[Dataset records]

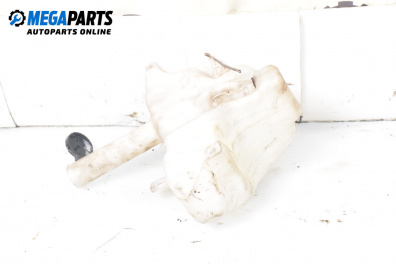 Казанче за чистачки за Ford Mondeo I Hatchback (02.1993 - 08.1996)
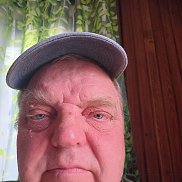 Владимир, 55 лет, Москва Владимир, 55 лет, Москва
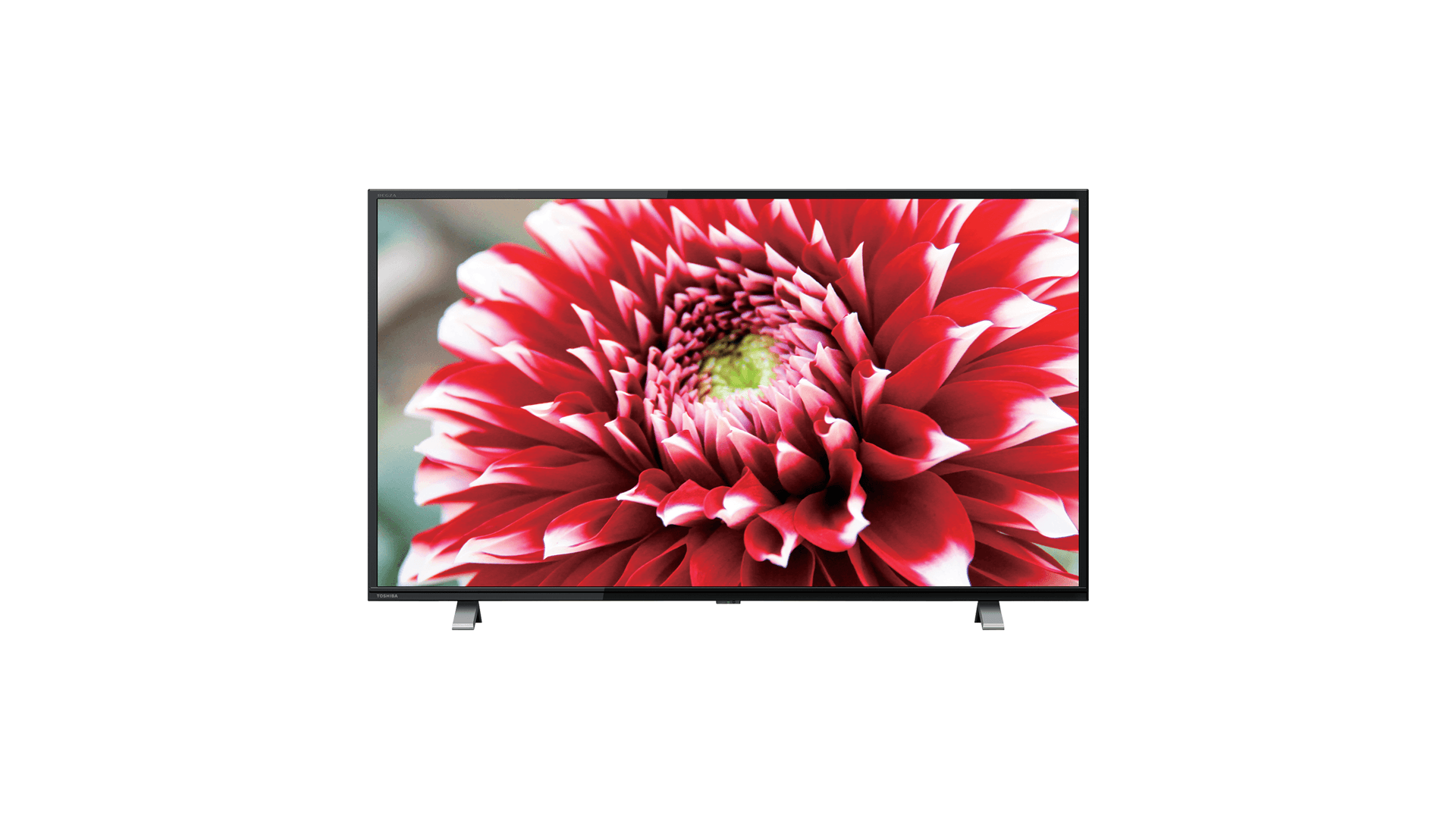 ※TOSHIBA REGZA 32V34型液晶テレビ 本体 東芝 REGZA 32V34 [32インチ] 価格比較 - 価格.com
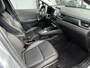 Renault Captur 1.6 E-Tech Plug-in Hybrid 160 Initiale Paris | 360 camera | leer | stoelverwarming | Easy Park Assist | tijdelijk gratis Top Afleverpakket twv Eur 695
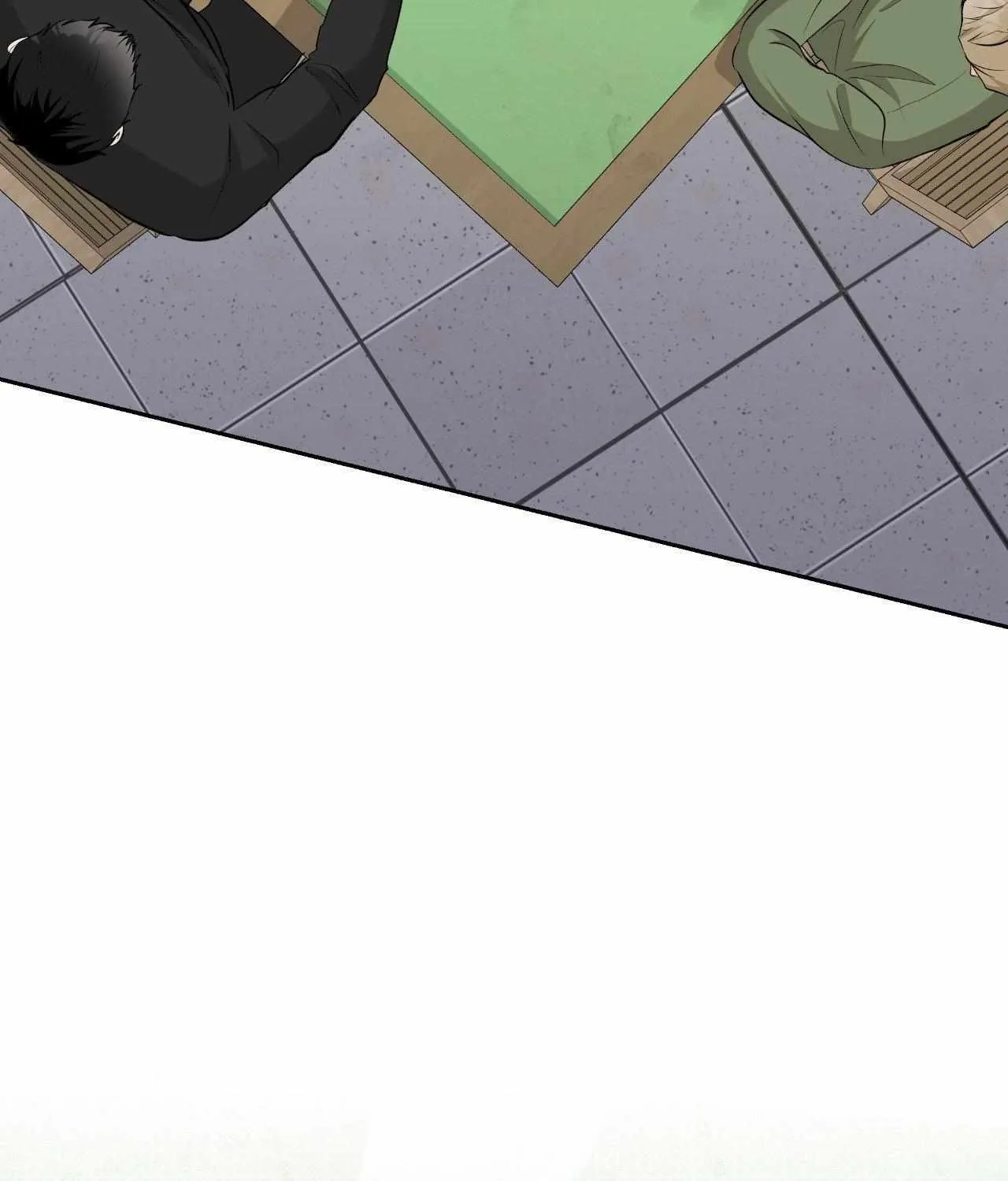 Read Devil (Yuwon) chapter 18 image 12 on Lezhin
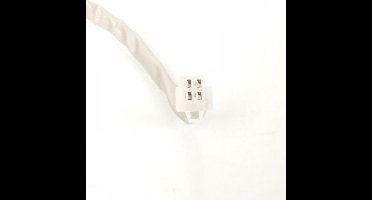 Stator d allumage TNT pour Scooter MBK 50 Booster One 2013 à 2017 Neuf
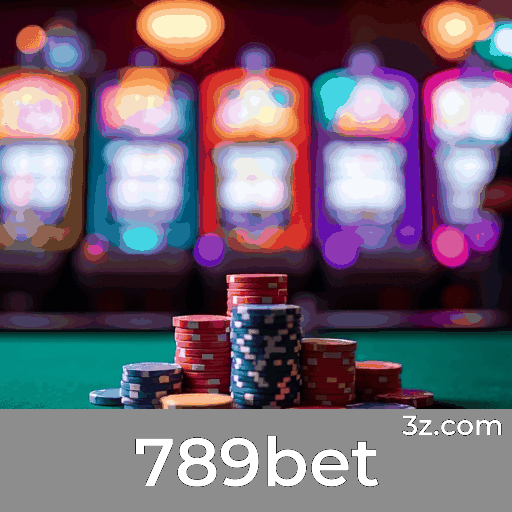 789bet 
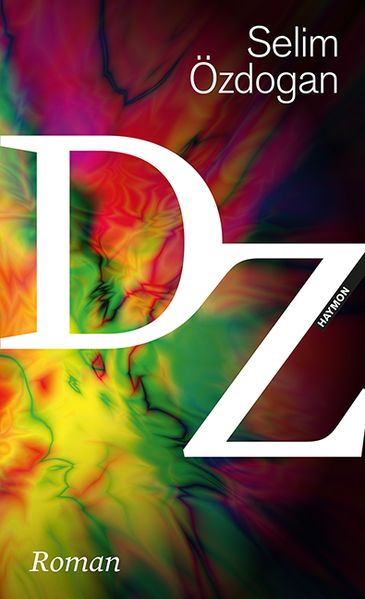 Cover von DZ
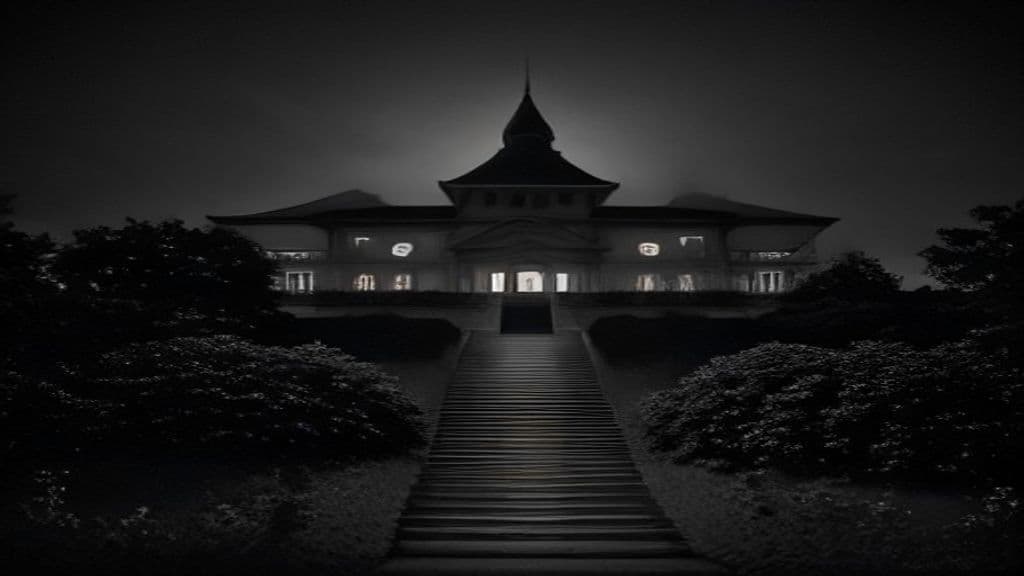 Fort Canning Hill (including Fort Canning Centre and keramat sites)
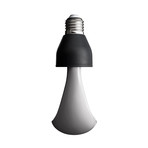 Original Plumen 002 (CFL Bulb)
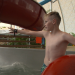 Urlaub im XXL-Ferienpark! - Reisen auf Nummer sicher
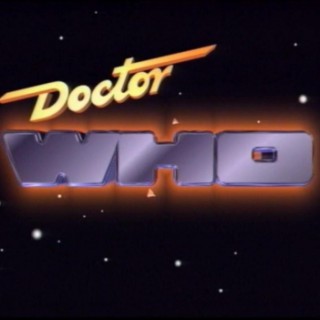 Profile picture of thedoctor23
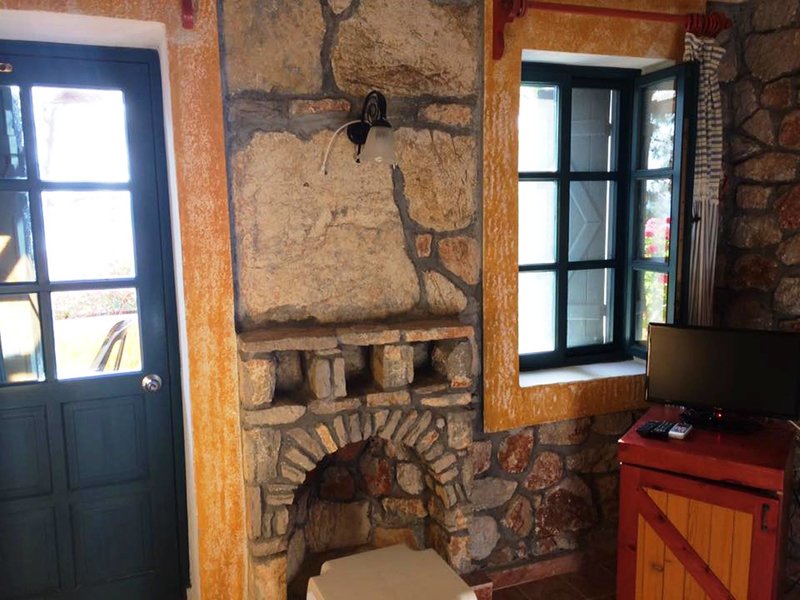 Symbola Oludeniz Beach 11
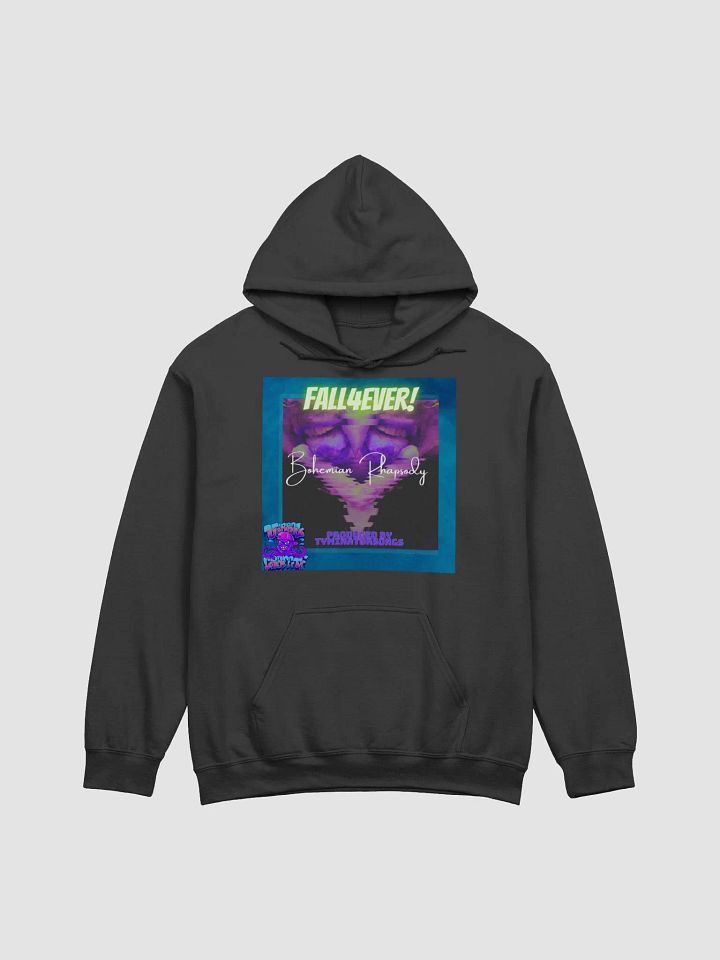 Bohemian Rhapsody product image (1)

▸ **ASSIGNMENT**:
Extract, word for word, each line from the top of the data down to and including the line with "価格比較 - 価格.com"; skip the pictures.

▸ **EXERCISE OUTPUT**:
 Казанче за чистачки за Ford Mondeo I Hatchback (02.1993 - 08.1996)
 Владимир, 55 лет, Москва Владимир, 55 лет, Москва
 ※TOSHIBA REGZA 32V34型液晶テレビ 本体 東芝 REGZA 32V34 [32インチ] 価格比較 - 価格.com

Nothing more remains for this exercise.